▶ [DATASET EXCERPT]
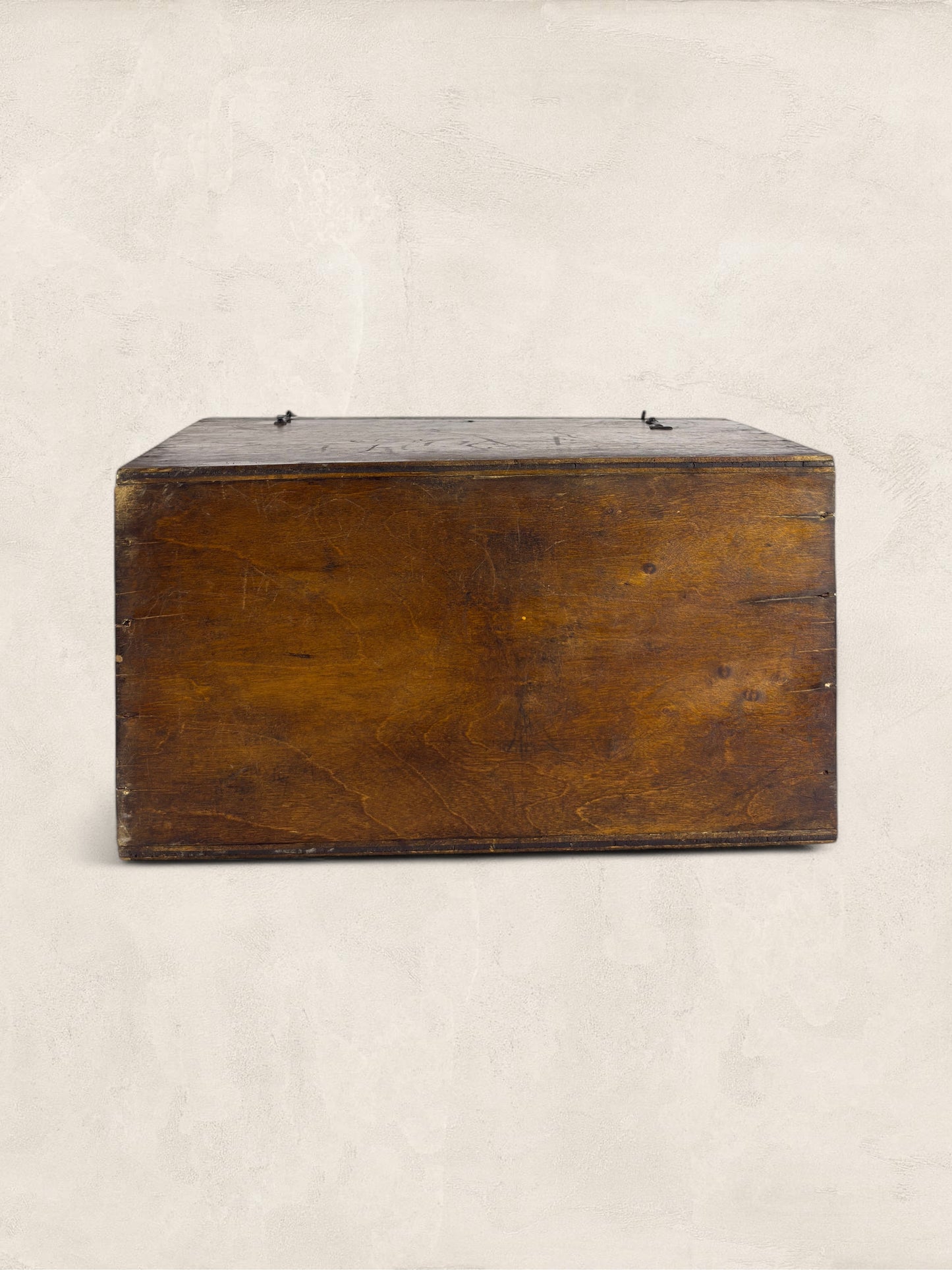 English Oak Lidded Storage Box with Green Baize Lining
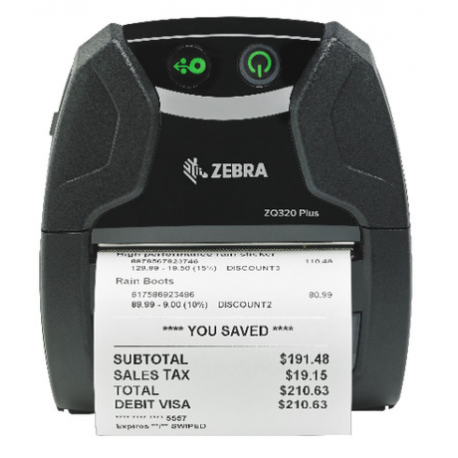 Zebra ZQ320 Plus - Receipt printer - direct thermal - Roll (8 cm) - 203 dpi - up to 100 mm/sec - USB 2.0, NFC, Wi-Fi(ac), Bluetooth 4.2 LE - tear bar - black - 3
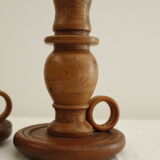 2 wooden candle holders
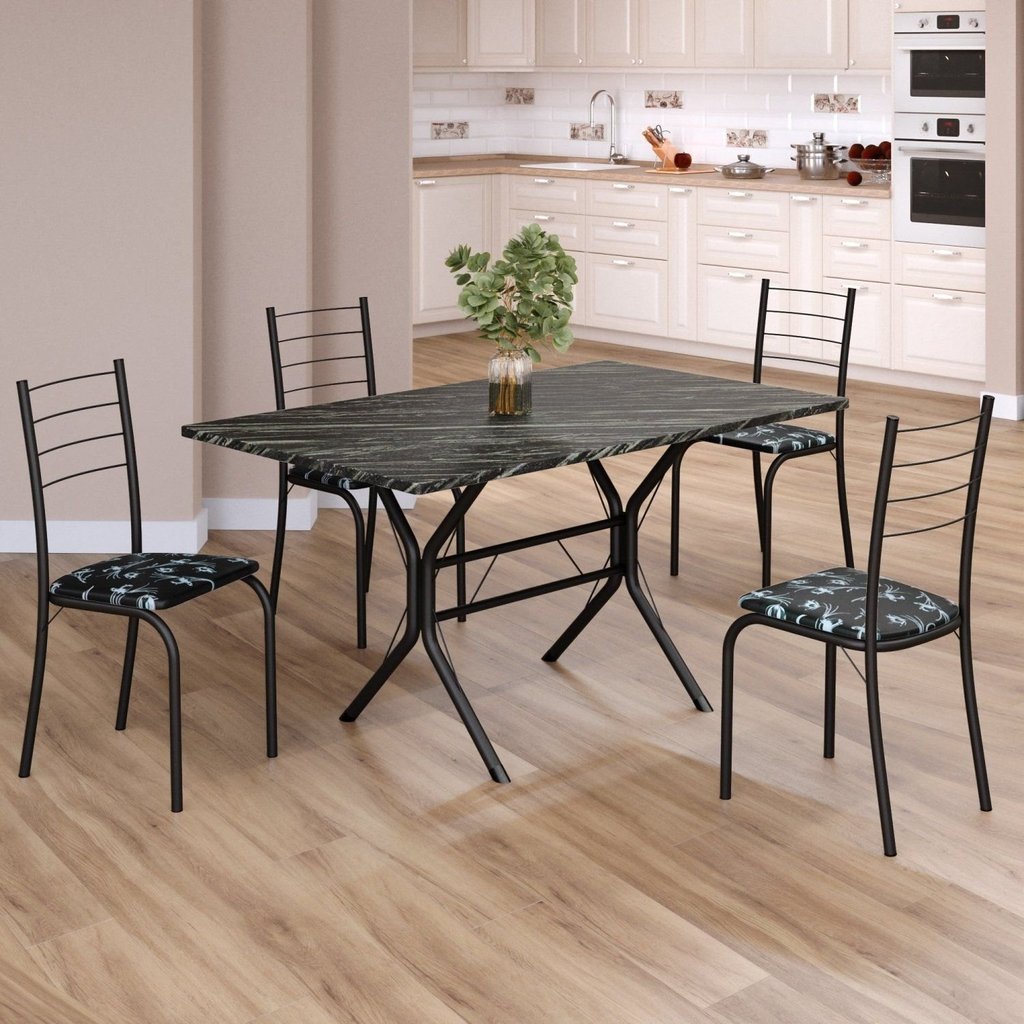 Conjunto Sala de Jantar Mesa Retangular 120x75cm Tampo Madeira Mdp Indiana 4 Cadeiras Rio Preto Floral/Preto Fosco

▶ [EXERCISE REQUIREMENTS] The expected result is the complete listing above, printed exactly, with no pictures.

▶ [FINAL ANSWER]
 English Oak Lidded Storage Box with Green Baize Lining
 Zebra ZQ320 Plus - Receipt printer - direct thermal - Roll (8 cm) - 203 dpi - up to 100 mm/sec - USB 2.0, NFC, Wi-Fi(ac), Bluetooth 4.2 LE - tear bar - black - 3
 2 wooden candle holders
 Conjunto Sala de Jantar Mesa Retangular 120x75cm Tampo Madeira Mdp Indiana 4 Cadeiras Rio Preto Floral/Preto Fosco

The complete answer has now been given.